Strengths and Limitations

Manus itself illustrates these trade-offs really well:

Strengths:

Its multi-agent orchestration helps deliver significantly lower per-task costs (around $2 a task compared to integrated competitors like OpenAI’s Deep Research). It offers greater transparency and user control, letting users directly inspect, customize, or replace individual sub-agents and tool integrations. Additionally, it provides a degree of flexibility centralized platforms rarely match.

One of the coolest things Manus figured out was actually exposing the file system so you could see exactly what the agents were doing. Chat GPT requires you to reprompt, and it’s opaque what’s happening when it’s thinking. Manus is a glimpse into the future of Chat GPT desktop operating directly on your computer, and it will be cool to see how much more control you’ll get when it’s happening there instead of a browser.

Limitations:

Coordination across specialized agents becomes increasingly difficult as tasks scale or complexity grows. Its current advantages (UX refinements, targeted fine-tuning, thoughtful integrations) are vulnerable to competitors just coming along and doing that as well.

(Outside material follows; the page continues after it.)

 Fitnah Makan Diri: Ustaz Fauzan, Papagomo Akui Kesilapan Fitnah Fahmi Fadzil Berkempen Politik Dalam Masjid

These strengths and weaknesses are generally shared by wrappers. They allow rapid deployment, iteration, and specialized UX at lower upfront cost. However, they’re vulnerable to disruption such as API pricing changes or provider policy shifts, which can quickly erase any cost benefits.

The Future of AI Products

Ultimately, the critical challenge isn’t deciding whether wrappers are viable but identifying genuinely sustainable differentiation for your product.

For founders, this might mean investing early in proprietary evals that are expensive or time-consuming to replicate, embedding workflows deeply into specific user routines to increase switching costs, and identifying integrations with platforms or data sets competitors can’t easily access.

In the end, success in AI doesn’t hinge on reinventing the wheel but rather on who can stitch together the existing models into a product users genuinely love.